August 27, 2012|By Mark Medina
  • Kobe Bryant, left, and Pau Gasol embrace moments after Team USA beat Spain in the Olympic basketball final on Aug. 12, 2012. Gasol says he isn't sure if he will play in the 2016 Games.
Kobe Bryant, left, and Pau Gasol embrace moments after Team USA beat Spain… (Robert Gauthier / Los Angeles…)

Sitting all alone on the bench, Pau Gasol appeared painfully disappointed as he processed Spain losing the gold-medal match against Team USA in the 2012 London Olympics, losing to an American squad in the final for the second consecutive time.

Team USA Coach Mike Krzyzewski congratulated him anyway, and moments later, Kobe Bryant came over to Gasol and the two hugged. It proved a telling moment and showed how the Laker teammates share a tight bond. Could it also have been Gasol’s last moment as an Olympian?

“It’s too early to say,” Gasol said on whether he’d play in the 2016 Games in Rio de Janeiro. “I always take it one year at a time and see the next goal and next target.  My mind and my focus is on next season with my team on the Lakers and helping as much as I can to bring back the title. That’s where my head is at. 2016 is a little far ahead.”

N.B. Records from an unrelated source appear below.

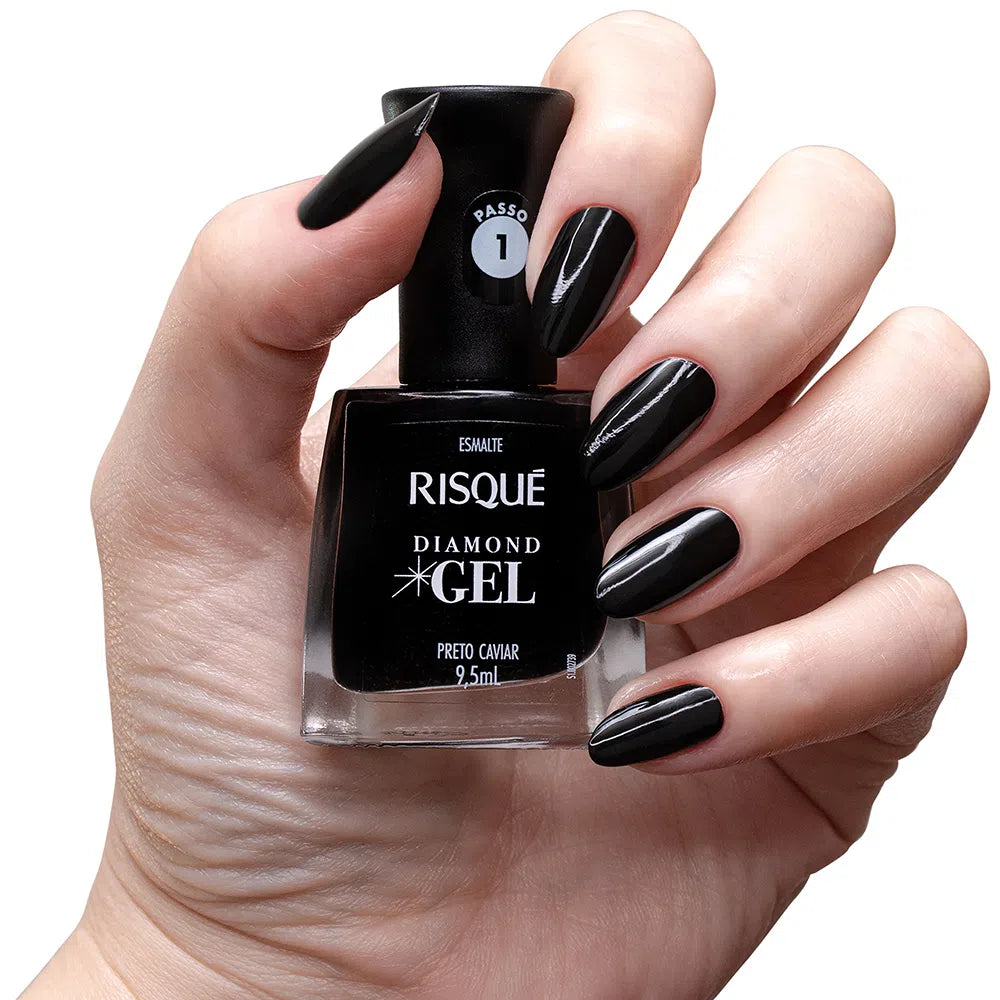 Esmalte Gel Preto Caviar 9.5ml - Risque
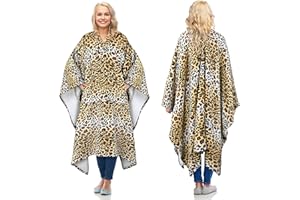 Catalonia Sherpa Wearable Blanket Poncho for Adult Women Men, Wrap Blanket Cape with Pocket, Warm, Soft, Cozy, Snuggly, Comfort Gift, No Sleeves, Cheetah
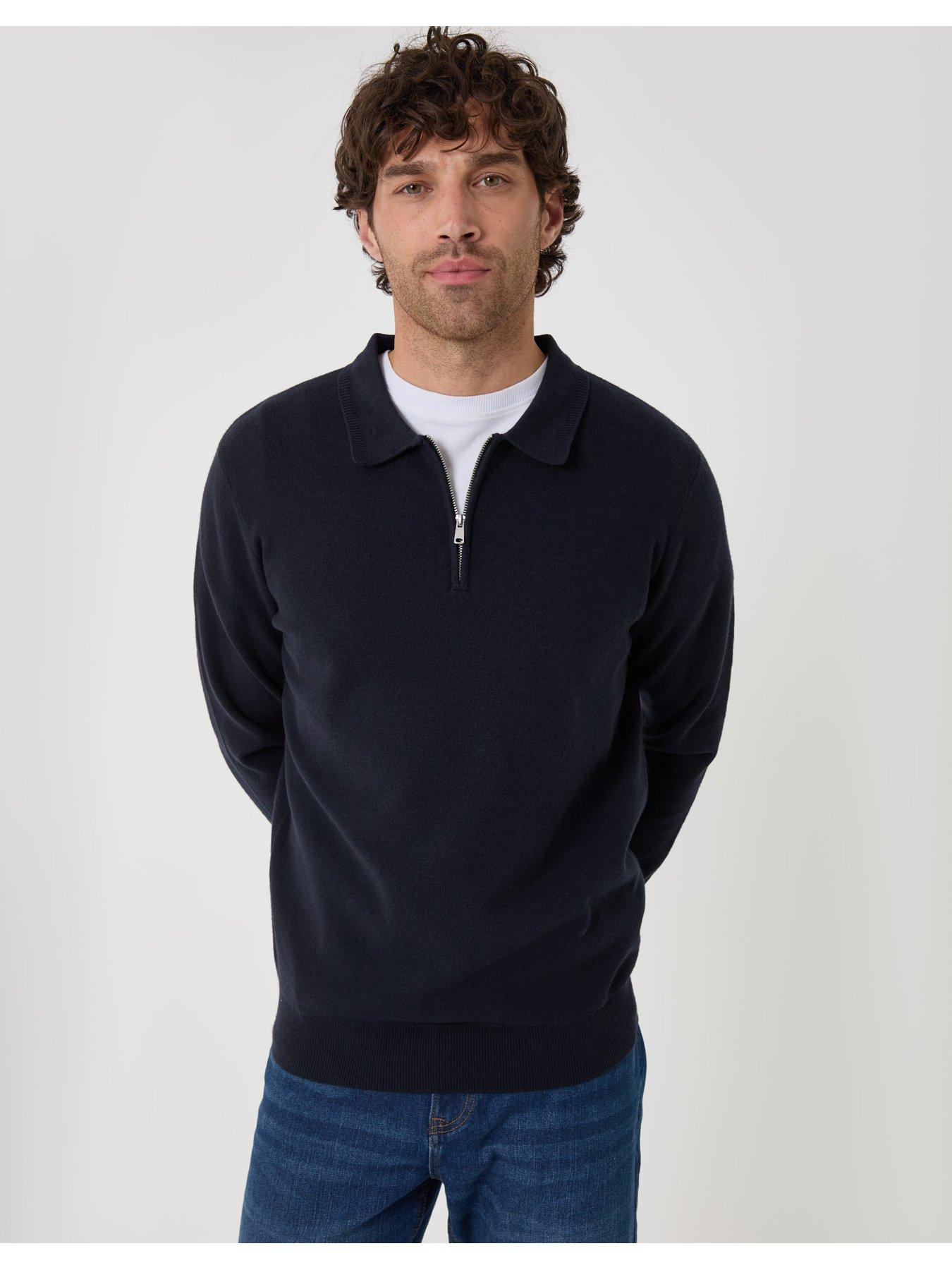 Image 1 of 4 of Threadbare Boxy Fit Quarter Zip Polo Sweatshirt In Navy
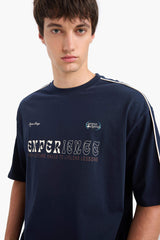 100% Cotton Loose Fit Relaxed Cut Crew Neck Back Printed Short Sleeve T-Shirt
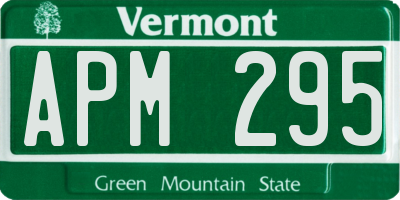 VT license plate APM295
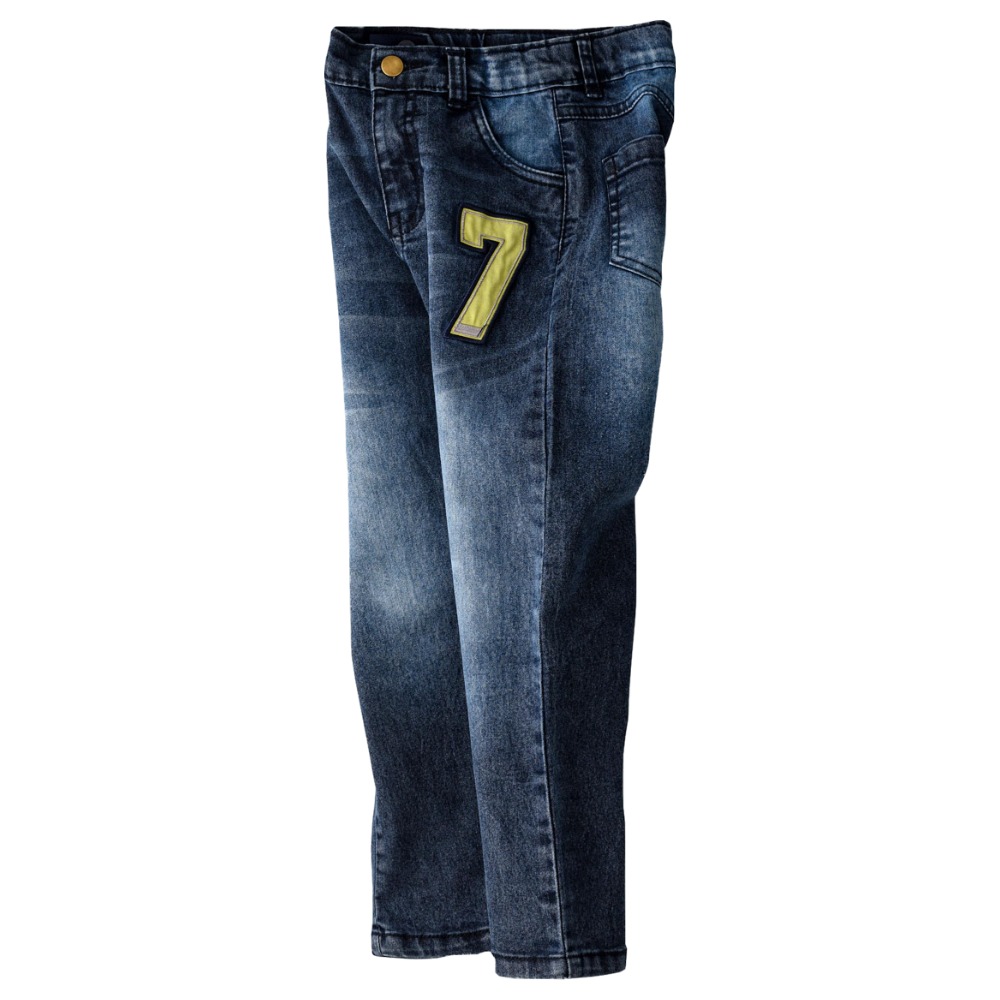 Jam Denim Pants with Embroidery Patches - Blue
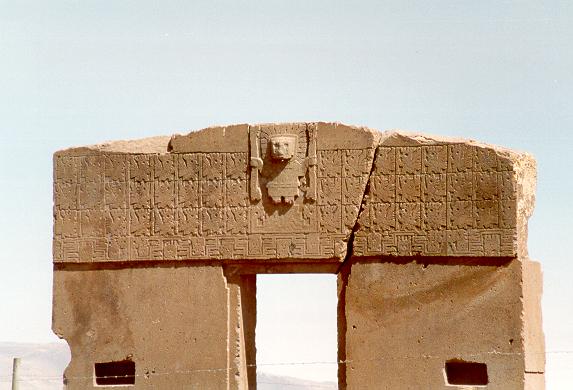 Detail of the Gate of the Sun (Puerta del Sol), Tiwanaku, in the Bolivian Altiplano.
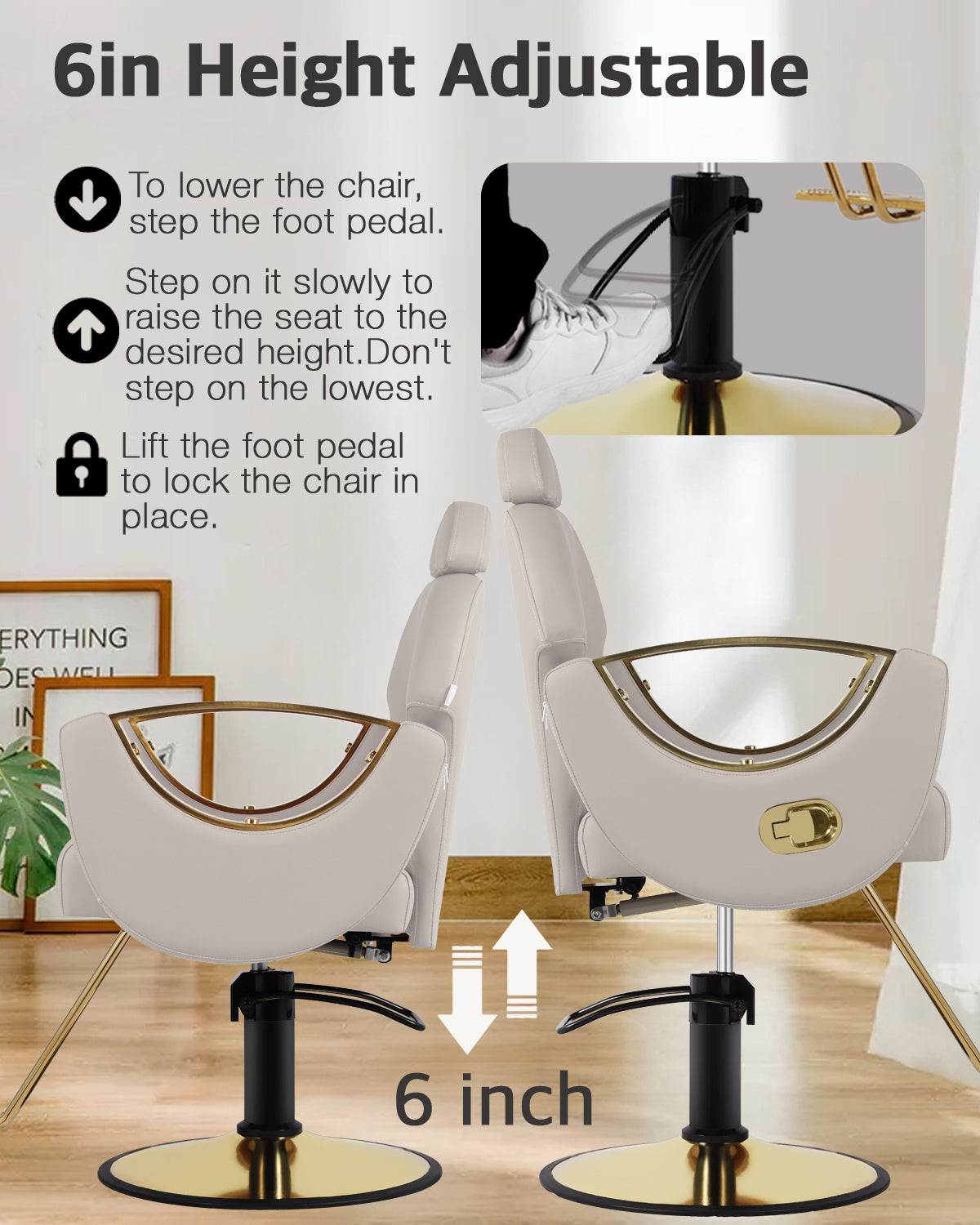 Salon Barber Chair, Reclining Salon Chair for Hair Stylist, Hair Salon Chair with Heavy Duty Hydraulic Pump, 360 Degrees Swivel Styling Braiding Hairdresser Chair for Home Barbershop, Gray Gold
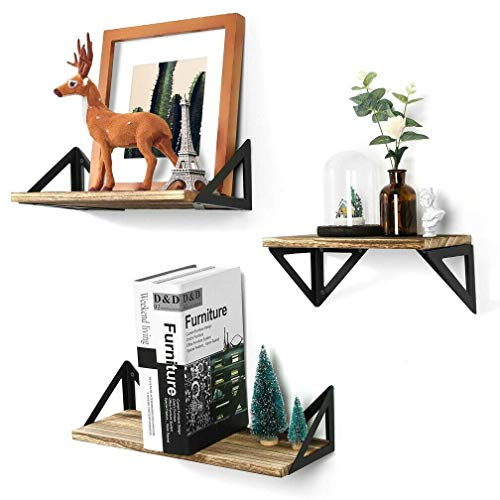 medla UNHO Étagère Murale Bois, Décoration Murale Industrielle Lot de 3 Étagère Flottante de Rangement en Bois pour Salon Bureau Chambre Cuisine Salle de Bain, Capacité de Charge Max 20kg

Gasol talked to The Times recently from the African nation of Chad, where he’s centering his immediate focus working as a UNICEF ambassador this week in Sahel region. Nonetheless, Gasol remained concerned enough about the Olympic future of a key teammate. Oklahoma City Thunder forward Serge Ibaka indicated to Spanish reporters that he was unhappy about his limited role in London and added that he may not even play in the 2016 Games.

“We hope Serge can be part of the national team for many years,” said Gasol, who averaged a team-leading 19.1 points per game on 57% shooting. “He brings so many special unique set of skills to the table.”

Yet Ibaka averaged only eight points in 15.1 minutes per game. Marc Gasol commanded more minutes (26.5) because of his vast Olympic experience, chemistry with his brother and his well-developed post game. Veteran forward Felipe Reyes, who averaged 9.75 minutes per game, also ate into Ibaka’s playing time.  Even though Ibaka had 12 points and 9 rebounds in 22 minutes against Team USA in the gold medal game,  he didn’t enter the game right away as Marc Gasol picked up four early fouls.

Gasol conceded he hasn’t spoken with Ibaka since the Olympics about his reduced role. But he believes Ibaka needed to better understand the team dynamic.

“We were very talented and we were very deep. There’s so many other great players,” Gasol said. “Some days you’ll play a little more. Some days you’ll play better. Some days you won’t. But at the end of the day, what matters is the team success. … He’s only 22 or 23. He has many years ahead of him. It’s good he has a desire and hunger. But he needs to understand the facts and circumstances of the moment and the needs long-term.”

Ibaka recently signed a four-year, $48-million extension with Oklahoma City, but it remains unclear whether that would soften his frustration with the Spanish national team. Still, Gasol hopes Ibaka’s realizes his role may expand in 2016 for a simple reason.

“I’m not going to play forever,” Gasol said. “Marc is not going to play forever.”

ALSO:

Pau Gasol passionate about UNICEF ambassador role

Lakers' Pau Gasol visits Chad's Sahel region as UNICEF ambassador

Five things Pau Gasol needs for a successful season

Email the Lakers blog at mgmedin@gmail.com. Follow the Lakers blog on Twitter.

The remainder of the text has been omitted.